Figure 6. Determining the effect of small molecule inhibitors on transdifferentiation efficiency.

(A) Immunofluorescence of transdifferentiated cells (ACTN2/TNNT2) during exposure to small molecule inhibitors: Janus protein tyrosine kinase 1 (JAK1i), Sodium Butyrate (HDACi), SB431542 (TGFβi), CHIR99021 (GSK3i). (B) Number of nuclei, (C) Number of ACTN2⁺ cells, and (D) Number of TNNT2⁺ cells (per mm²). (E) Number of Ki67⁺ nuclei normalized to the total number of nuclei. (F) Number of ACTN2⁺ cells normalized to the total number of nuclei. (G) Number of TNNT2⁺ cells normalized to the total number of nuclei. Experiment performed in triplicate. 4 images were analyzed for each experiment. Error bar represents calculated standard deviation. Significant difference between two values was calculated using t-test (two-tailed distribution, two sample unequal variance).

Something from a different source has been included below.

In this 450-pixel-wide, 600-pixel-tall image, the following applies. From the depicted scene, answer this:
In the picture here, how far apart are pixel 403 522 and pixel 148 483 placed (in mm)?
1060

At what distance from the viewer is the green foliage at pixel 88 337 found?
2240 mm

Figure 7. Determining the effect of protein ligands on transdifferentiation efficiency.

(A) Immunofluorescence of transdifferentiated cells (ACTN2/TNNT2) during exposure to protein ligands: IGF1, EGF, NRG1, SDF1A. (B) Number of nuclei, (C) Number of ACTN2⁺ cells, and (D) Number of TNNT2⁺ cells (per mm²). (E) Number of Ki67⁺ nuclei normalized to the total number of nuclei. (F) Number of ACTN2⁺ cells normalized to the total number of nuclei. (G) Number of TNNT2⁺ cells normalized to the total number of nuclei. Experiment performed in triplicate. 4 images were analyzed for each experiment. Error bar represents calculated standard deviation. Significant difference between two values was calculated using t-test (two-tailed distribution, two sample unequal variance).